**EXERCISE DIRECTIONS**
Transcribe each line below verbatim; pictures excluded.

**DATA EXTRACT**
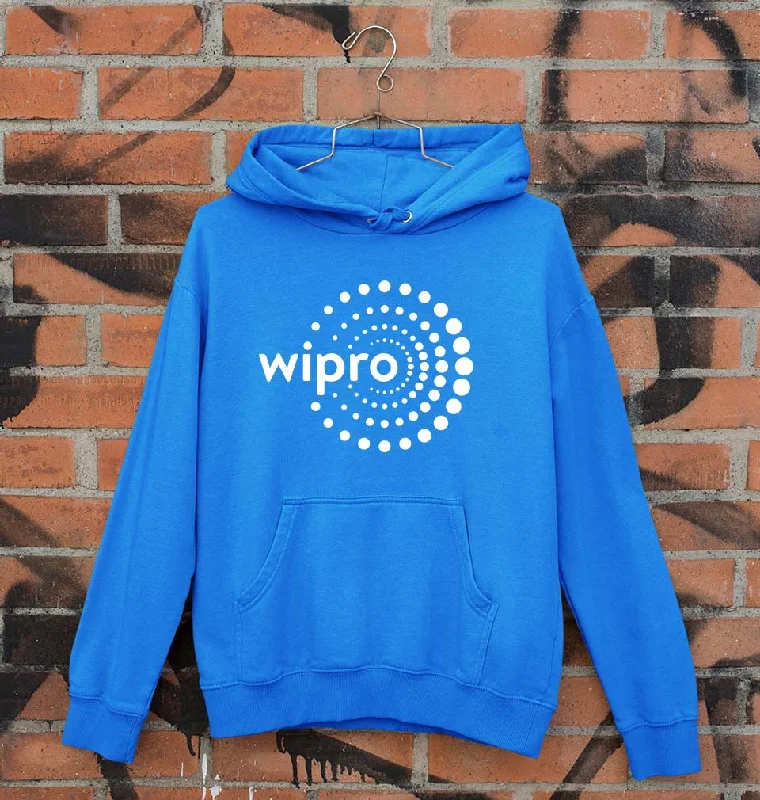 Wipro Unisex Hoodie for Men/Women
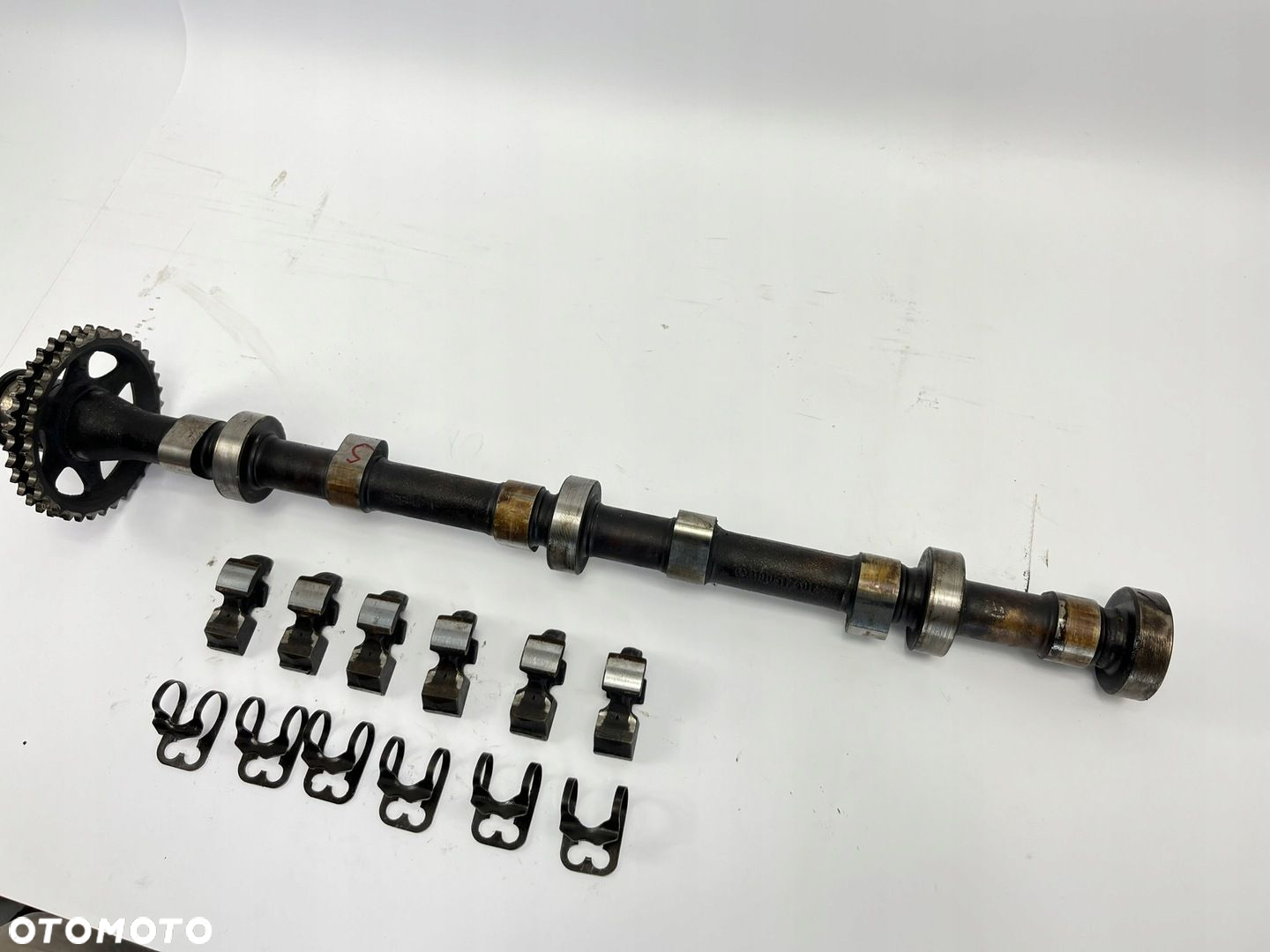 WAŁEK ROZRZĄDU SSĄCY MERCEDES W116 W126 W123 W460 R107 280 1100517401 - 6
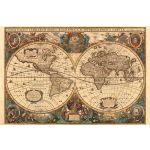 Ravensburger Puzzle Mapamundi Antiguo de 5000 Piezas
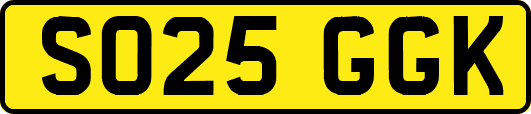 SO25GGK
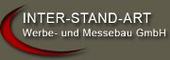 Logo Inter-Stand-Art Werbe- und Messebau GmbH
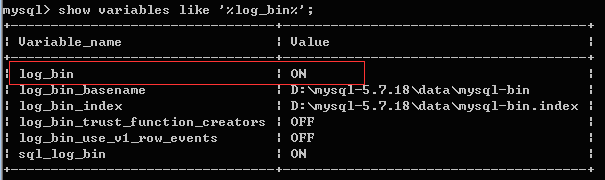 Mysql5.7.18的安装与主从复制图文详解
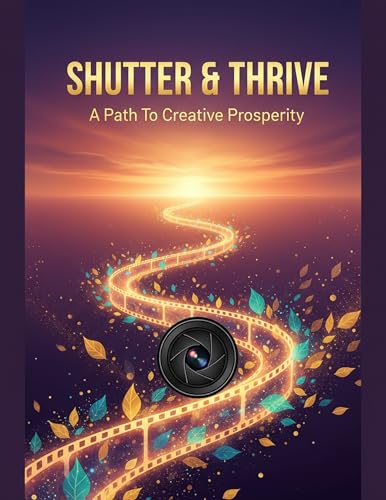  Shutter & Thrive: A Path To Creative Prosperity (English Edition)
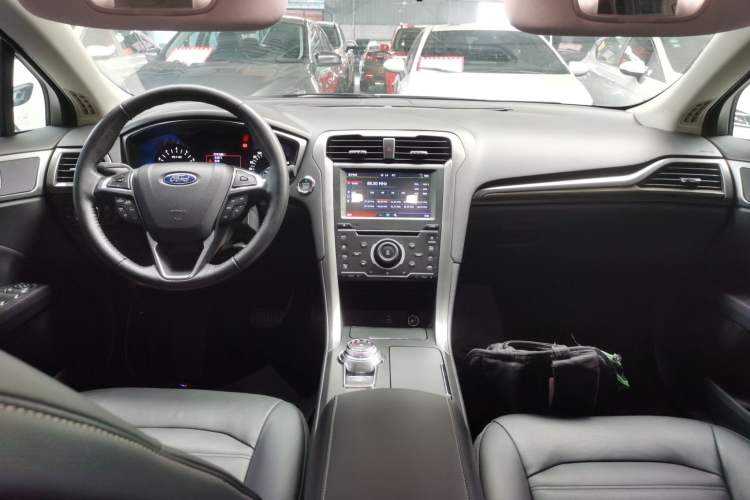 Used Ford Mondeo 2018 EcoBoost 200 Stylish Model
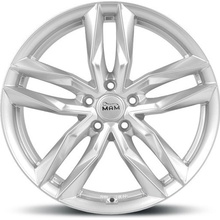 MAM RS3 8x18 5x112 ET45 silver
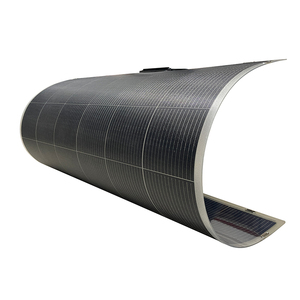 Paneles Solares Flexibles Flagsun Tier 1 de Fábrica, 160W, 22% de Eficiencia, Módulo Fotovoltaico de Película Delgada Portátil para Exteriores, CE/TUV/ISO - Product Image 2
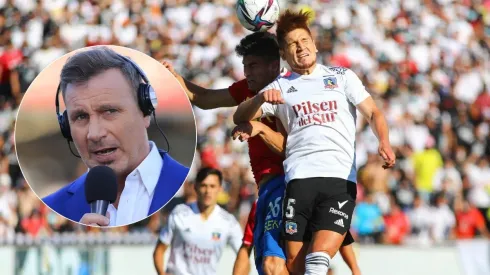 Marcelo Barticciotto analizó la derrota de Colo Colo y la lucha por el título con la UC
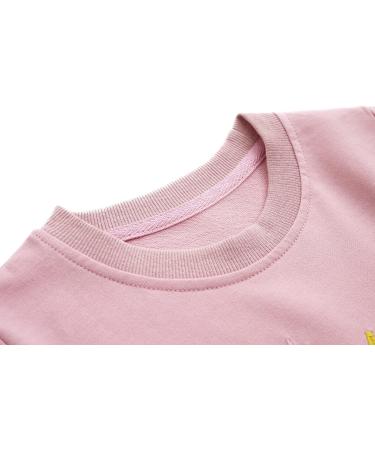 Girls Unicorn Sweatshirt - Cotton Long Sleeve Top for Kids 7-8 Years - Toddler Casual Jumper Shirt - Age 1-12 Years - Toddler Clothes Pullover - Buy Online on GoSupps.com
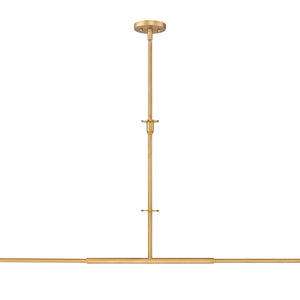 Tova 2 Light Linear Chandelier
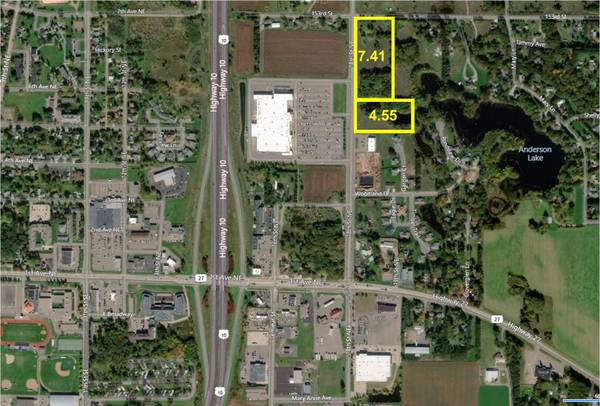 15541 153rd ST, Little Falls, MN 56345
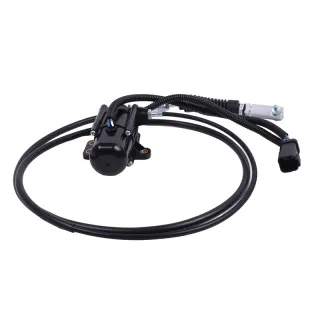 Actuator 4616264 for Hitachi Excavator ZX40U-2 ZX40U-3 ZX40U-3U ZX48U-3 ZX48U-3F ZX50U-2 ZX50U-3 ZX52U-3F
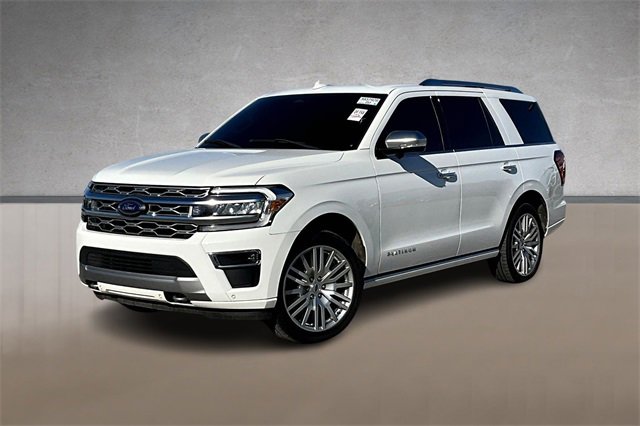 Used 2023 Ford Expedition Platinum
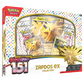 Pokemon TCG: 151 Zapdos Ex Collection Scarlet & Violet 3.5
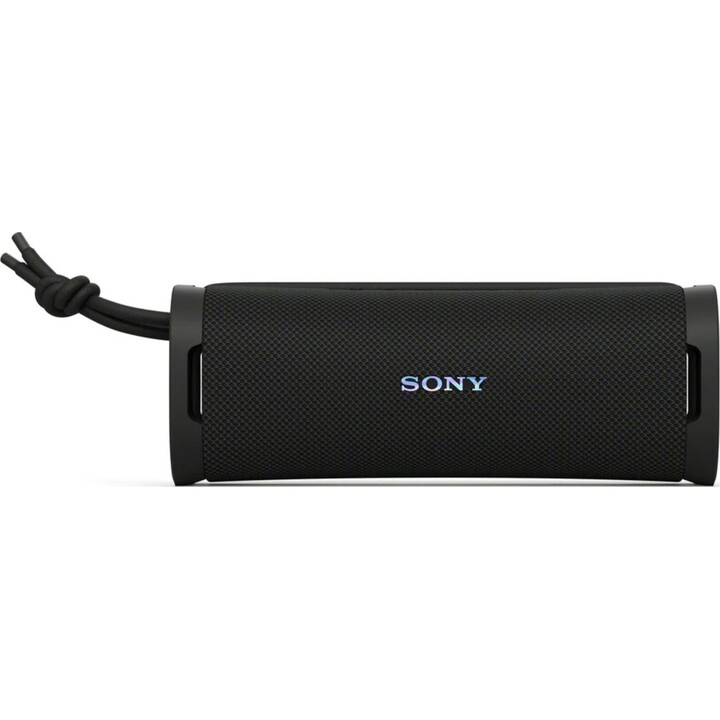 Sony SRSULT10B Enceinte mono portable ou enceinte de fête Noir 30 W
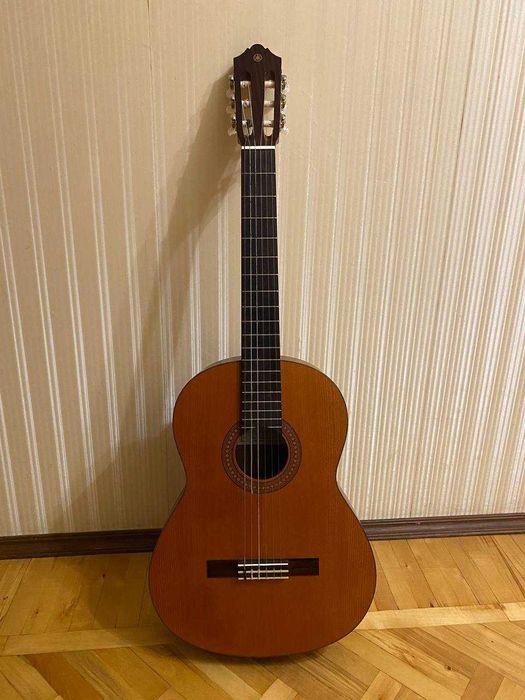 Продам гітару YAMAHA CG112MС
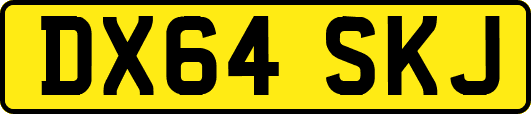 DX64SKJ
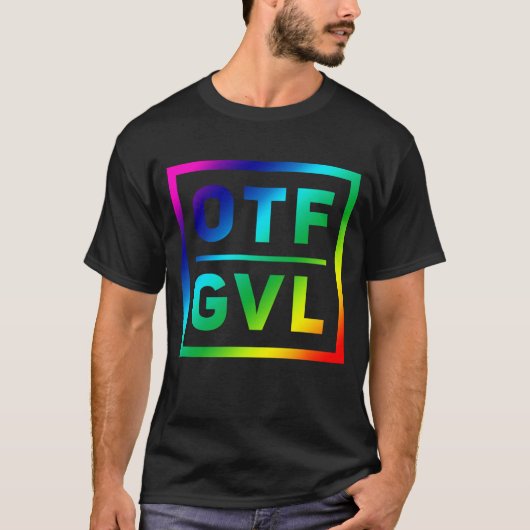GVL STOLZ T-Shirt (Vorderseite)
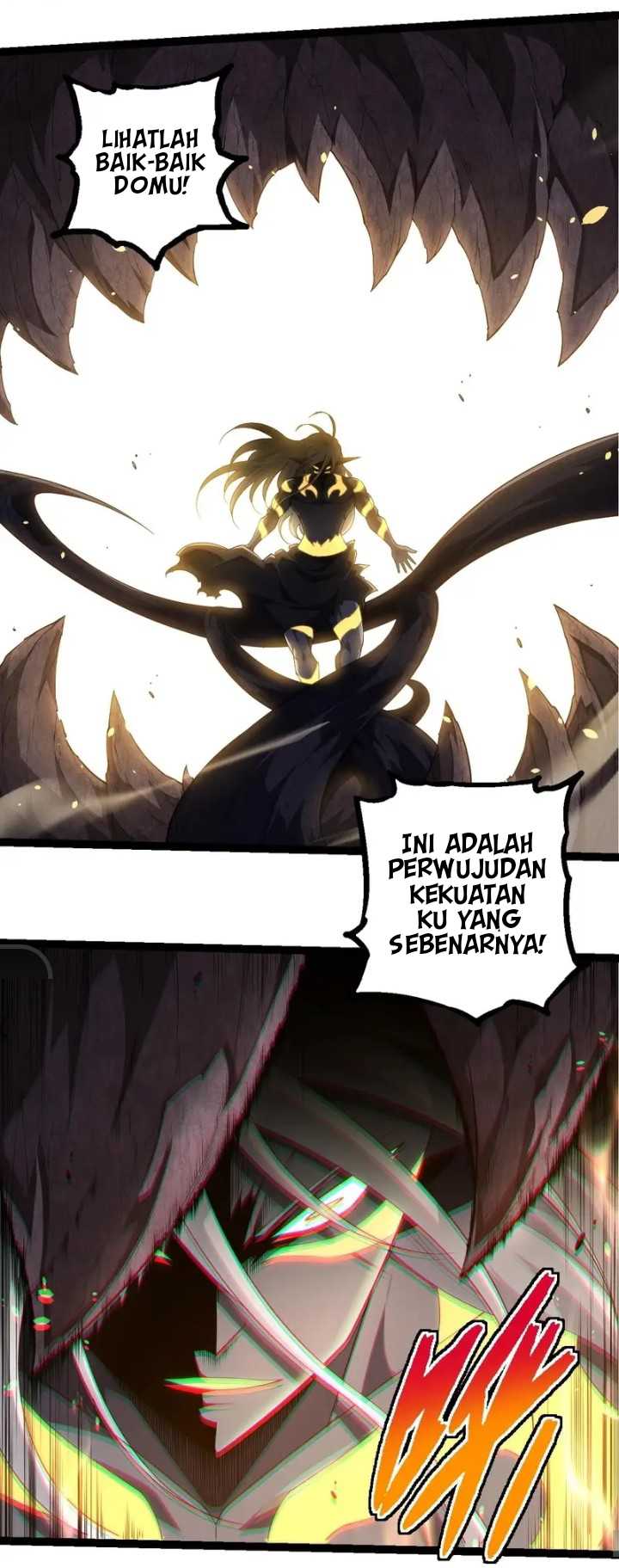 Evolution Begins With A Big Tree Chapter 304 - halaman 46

**ANSWER SECTION**
 Wipro Unisex Hoodie for Men/Women
 WAŁEK ROZRZĄDU SSĄCY MERCEDES W116 W126 W123 W460 R107 280 1100517401 - 6
 Ravensburger Puzzle Mapamundi Antiguo de 5000 Piezas
 SO25GGK
 Logo Inter-Stand-Art Werbe- und Messebau GmbH
 Mysql5.7.18的安装与主从复制图文详解
  Shutter & Thrive: A Path To Creative Prosperity (English Edition)
 Used Ford Mondeo 2018 EcoBoost 200 Stylish Model
 MAM RS3 8x18 5x112 ET45 silver
 Paneles Solares Flexibles Flagsun Tier 1 de Fábrica, 160W, 22% de Eficiencia, Módulo Fotovoltaico de Película Delgada Portátil para Exteriores, CE/TUV/ISO - Product Image 2
 Marcelo Barticciotto analizó la derrota de Colo Colo y la lucha por el título con la UC
 Girls Unicorn Sweatshirt - Cotton Long Sleeve Top for Kids 7-8 Years - Toddler Casual Jumper Shirt - Age 1-12 Years - Toddler Clothes Pullover - Buy Online on GoSupps.com
 Tova 2 Light Linear Chandelier
 15541 153rd ST, Little Falls, MN 56345
 Actuator 4616264 for Hitachi Excavator ZX40U-2 ZX40U-3 ZX40U-3U ZX48U-3 ZX48U-3F ZX50U-2 ZX50U-3 ZX52U-3F
 Used 2023 Ford Expedition Platinum
 Pokemon TCG: 151 Zapdos Ex Collection Scarlet & Violet 3.5
 Sony SRSULT10B Enceinte mono portable ou enceinte de fête Noir 30 W
 Продам гітару YAMAHA CG112MС
 DX64SKJ
GVL STOLZ T-Shirt (Vorderseite)
 Evolution Begins With A Big Tree Chapter 304 - halaman 46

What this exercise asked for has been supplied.